The Bay's other dominant cruise operator, Explore, has yet to resume sailings.
Few establishments had as good a weekend as the Duke of Marlborough. The historic hotel was fully booked from Friday to Sunday. The hotel returned to seven-day operation on Monday.
Co-owner Riki Kinnaird said revenue was on par with the same time last year but now almost 100 per cent of guests were domestic travellers, mostly from Auckland. Helen Cooper, co-owner of clothing and homeware store Bay of Islands Trading Co in Russell, said every day of the long weekend surpassed expectations.
''It was really busy. It felt like a weekend in February,'' she said.
''We hope it's an indication of what weekends will be like in winter. Obviously they won't be as big but if we can do reasonable business on Saturday and Sunday during winter that will get us through to summer.''
Meanwhile, it was the first big weekend of Kerikeri's Old Packhouse Market, with up to 900 customers on Saturday and 300 on Sunday.
However, Covid-19 rules allowing only 100 people in at a time led to queues stretching across the carpark.
Co-owner Judy Hyland hoped next weekend would be the last under level 2 limits.
She was optimistic about the future but without international tourists she did not expect customer numbers would return to the levels of last summer.

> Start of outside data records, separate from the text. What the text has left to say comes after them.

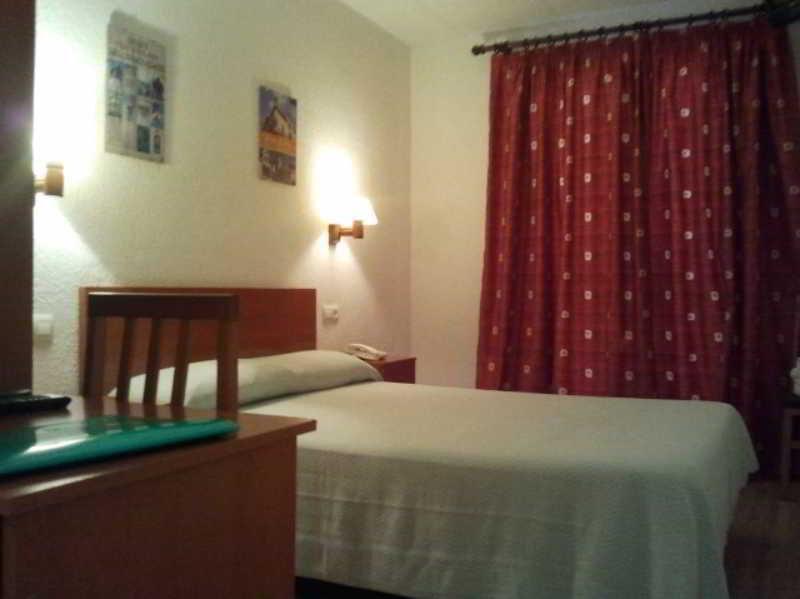 Hotel Mitus Canet De Mar Exterior photo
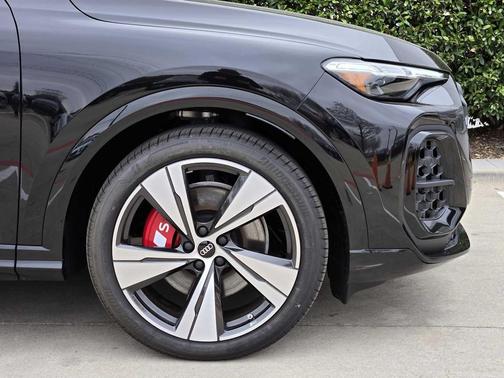 2025 Audi SQ5 3.0T Premium Plus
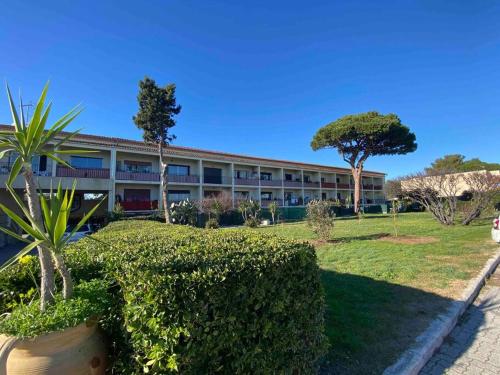 Le Cocon Marin , vue mer , clim , parking , piscine in Les Groules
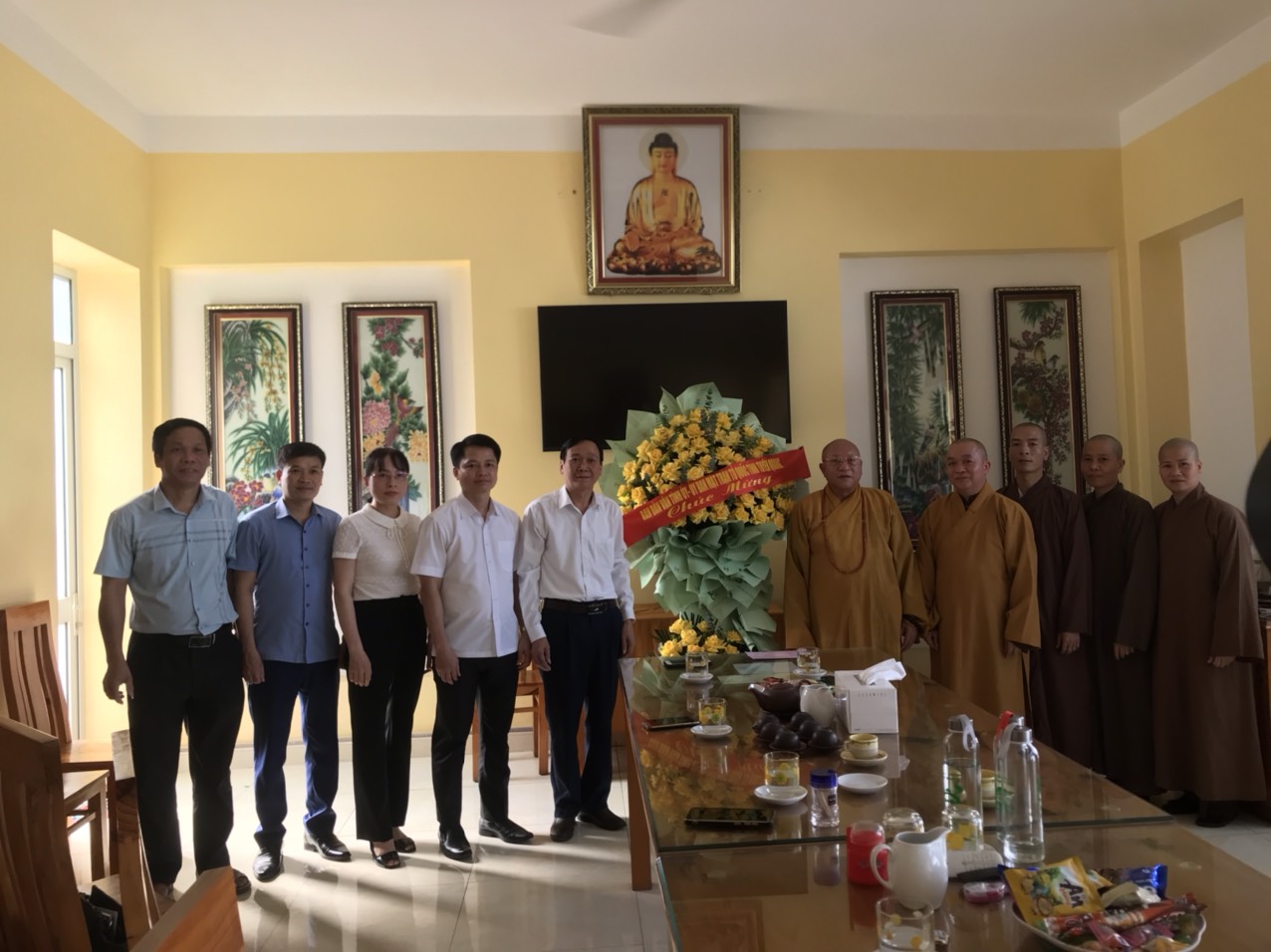 Lãnh đạo Ủy ban MTTQ tỉnh, Ban Dân vận Tỉnh ủy thăm, tặng quà, chúc mừng Ban Trị sự Giáo hội Phật giáo tỉnh, Thiền viện Trúc Lâm Chính Pháp nhân dịp Đại lễ Phật đản Phật lịch 2567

In some quarters, however, future prospects are grim, with Northland's biggest hotel operator laying off large numbers of staff.
Millennium Hotels, which owns the Copthorne at Waitangi and Ōmāpere as well as the Kingsgate in Paihia, announced last week it was shedding more than 70 per cent of its workforce, or about 910 jobs, across the country.
The Advocate has asked how many staff will be affected in Northland but had not had a response at edition time yesterday.
The Copthorne Hotel in Waitangi is closed with reopening due by October 1. The Copthorne Hokianga is open while the Kingsgate is offering reduced services.
Northland Camber of Commerce chief executive Steve Smith said some businesses, such as the Duke, did ''extremely well'' but across Northland the weekend was a mixed bag.
Whangārei cafes appeared to be busy on Saturday but emptied out when torrential rain hit on Sunday.
Retail sales had increased in Northland since the end of level 3 due to pent-up demand — shoppers buying things they couldn't get during lockdown — and people practising ''retail therapy''.
It was not yet clear what the new normal would be.
''But in the next week or two, as winter sets in, the overall spend will decline, unfortunately,'' Smith said.
Reasons for optimism included a Government-funded campaign to promote domestic tourism in the regions and plans by sporting codes such as football to bring major fixtures to Northland, boosting demand at hotels and restaurants.
On July 8 the Chamber would hold a Super-BA5 (business after 5) event, most likely in Russell, focused on Covid recovery in the tourism and hospitality industries, he said.